Через пять минут они были у периметра. В этом месте подъезд к окружной дороге был перегорожен наспех наваленной баррикадой. Дымился раскаленный пулемет. Сочились кровью несколько трупов с повязками «Территориальной Обороны». Остались на земле лишь следы пребывания ополченцев – фляжки, пустые (и полные?) обоймы, поврежденное (и просто брошенное!) оружие, мелочь типа биноклей, касок, бинтов, котелков, гильз, и тому подобного.
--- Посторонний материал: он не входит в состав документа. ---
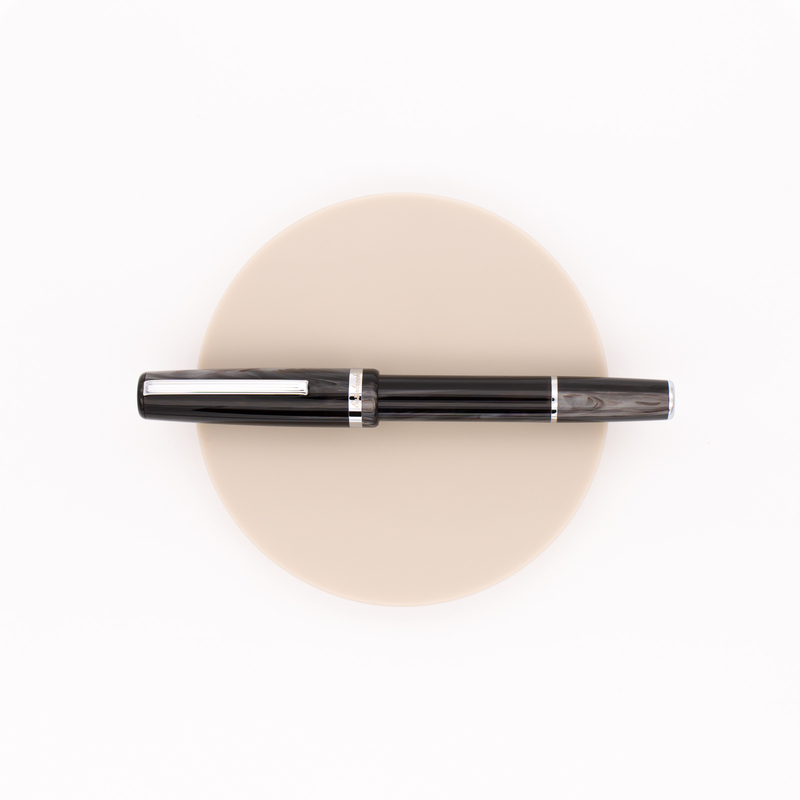 Esterbrook JR Pocket Pen Fountain Pen Tuxedo Black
Ополченец выскочил из машины, обвел окрестности взглядом, ища кого-нибудь, схватил наперевес автомат, лихорадочно поводил стволом из стороны в сторону, обежал машину кругом, принюхался, подбежал к баррикаде, круто развернулся на каблуках, прокашлялся…
- Где все? Где?!
- Сбежали – кисло процедил водитель – чего им тут делать-то?
- Как чего? – зрачки ополченца расширились, он ошарашено завертел головой – Родину… отчизну защищать!
Водитель вылез из машины, сплюнул, пнул пустую флягу.
- М-м-д-а-а-а… - задумчиво промычал он.
Ополченец взвился, юркнул куда-то за спину мужику, попытался схватить валяющийся на земле автомат, потные руки соскользнули с металла, со второй попытки – схватил. Бросил его беженцу – тот удивленно поймал.
- А это еще зачем? – удивленно пробормотал он. Увидев оружие – девушка в машине жалобно завыла, дети забились в истерике.
- Пошли! – потянул его ополченец за рукав – держать позицию будем! Город защищать!
- Так ведь – отстранился мужик – никого больше нет… чего уж… что ж мы… а город – он уже взят, считай…
- Будем стоять до последнего! Героически стоять! Героически. Пока стоит последний защитник – город не пал – ополченец уперся ему в грудь дулом автомата – Родина нас не забудет! Будем биться насмерть…
Он круто развернулся, метнулся к пулемету, споткнулся, вскочил, побарахтавшись в пыли, загреб руками патронные ленты из ящика…
Беженец передернул затвор автомата, и расстрелял магазин в спину ополченцу.
Тот свалился на баррикаду, она тяжело рухнула на машину. Ополченец перевернулся на спину, посмотрел в безоблачное небо, закашлял кровью, заливая ею бороду, удивленно посмотрел на беженца, задергался в конвульсиях, забрызгал остатки баррикады кровью и сукровицей, страшно захрипел, застонал, заплакал, изогнулся в агонии, и преставился.
Мужик бросил автомат, разгреб обломки баррикады, завалившие капот автомобиля, успокоил жену с детьми, залез в машину, завел, дал задний ход, выехал на дорогу.
Вдалеке заревел гудок корабля.
Мужик ударил по газу. «И зачем я это сделал?» - думал он – «Нехорошо как-то получилось. Неправильно. Но у меня ж эти… семья – дети, жена. Как получается? Я умру – а они как?! И вообще – с какой это стати я должен умирать?!» - пытался он оправдаться перед самим собой – «Я должен был… я никому ничего не должен! За что я это помирать та собрался? А! За Родину! За Отчизну! Но город-то! Город все равно уже пал! Не знаю… и ради чего это мне жизнь свою отдавать?! Честь, типо там… слава, надежда (нет надежды!)… Родина… ну, не знаю…»
Небо разорвал глухой рокот канонады.